**Directions for this task:**
For the records below, give the number of lines that include the string "Chicago". Nothing else belongs in the answer.

[Material to process — start]

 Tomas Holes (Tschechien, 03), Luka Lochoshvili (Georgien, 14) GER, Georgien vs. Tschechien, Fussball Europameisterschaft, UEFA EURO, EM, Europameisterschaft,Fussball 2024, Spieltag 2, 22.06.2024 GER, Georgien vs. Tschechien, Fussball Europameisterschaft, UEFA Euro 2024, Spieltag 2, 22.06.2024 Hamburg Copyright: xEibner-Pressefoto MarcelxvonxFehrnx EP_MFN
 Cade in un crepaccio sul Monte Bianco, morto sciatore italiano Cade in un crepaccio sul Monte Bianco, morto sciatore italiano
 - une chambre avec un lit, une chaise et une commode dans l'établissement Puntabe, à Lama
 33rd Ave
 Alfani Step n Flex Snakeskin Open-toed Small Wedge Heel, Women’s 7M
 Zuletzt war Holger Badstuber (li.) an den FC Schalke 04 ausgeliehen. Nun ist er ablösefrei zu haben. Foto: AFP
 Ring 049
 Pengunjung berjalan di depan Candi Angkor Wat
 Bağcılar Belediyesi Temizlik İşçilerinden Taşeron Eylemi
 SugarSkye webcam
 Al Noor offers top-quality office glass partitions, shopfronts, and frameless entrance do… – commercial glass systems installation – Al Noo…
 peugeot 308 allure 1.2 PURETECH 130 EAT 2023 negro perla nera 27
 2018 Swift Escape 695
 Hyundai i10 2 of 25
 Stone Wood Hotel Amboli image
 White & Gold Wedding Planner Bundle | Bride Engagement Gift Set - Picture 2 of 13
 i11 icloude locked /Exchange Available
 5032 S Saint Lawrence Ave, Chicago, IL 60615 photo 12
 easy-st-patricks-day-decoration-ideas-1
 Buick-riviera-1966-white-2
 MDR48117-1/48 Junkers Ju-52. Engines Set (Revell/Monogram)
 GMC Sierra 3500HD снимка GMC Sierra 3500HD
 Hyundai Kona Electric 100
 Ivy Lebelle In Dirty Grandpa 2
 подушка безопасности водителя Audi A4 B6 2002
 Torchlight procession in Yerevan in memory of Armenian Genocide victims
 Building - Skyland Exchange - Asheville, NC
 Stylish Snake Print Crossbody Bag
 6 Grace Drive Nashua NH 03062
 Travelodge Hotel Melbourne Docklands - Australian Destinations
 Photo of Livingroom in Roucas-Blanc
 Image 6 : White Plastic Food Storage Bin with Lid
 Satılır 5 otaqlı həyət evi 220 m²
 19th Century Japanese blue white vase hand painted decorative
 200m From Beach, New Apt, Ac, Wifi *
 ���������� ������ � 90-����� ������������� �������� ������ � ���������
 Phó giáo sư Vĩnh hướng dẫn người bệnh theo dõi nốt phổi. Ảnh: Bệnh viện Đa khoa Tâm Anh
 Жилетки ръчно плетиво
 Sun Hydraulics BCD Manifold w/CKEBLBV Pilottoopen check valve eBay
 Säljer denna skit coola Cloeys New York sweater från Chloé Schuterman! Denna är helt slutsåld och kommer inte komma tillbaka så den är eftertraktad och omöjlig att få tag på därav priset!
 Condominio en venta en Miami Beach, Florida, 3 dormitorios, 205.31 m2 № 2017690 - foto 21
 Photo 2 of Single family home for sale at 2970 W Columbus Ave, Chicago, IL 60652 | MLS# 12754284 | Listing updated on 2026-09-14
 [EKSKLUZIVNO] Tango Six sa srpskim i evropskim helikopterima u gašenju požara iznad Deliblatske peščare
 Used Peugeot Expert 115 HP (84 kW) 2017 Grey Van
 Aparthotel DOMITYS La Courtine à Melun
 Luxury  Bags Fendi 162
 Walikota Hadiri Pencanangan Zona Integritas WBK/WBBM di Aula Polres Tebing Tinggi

[Material to process — finish]

**Result below:**
2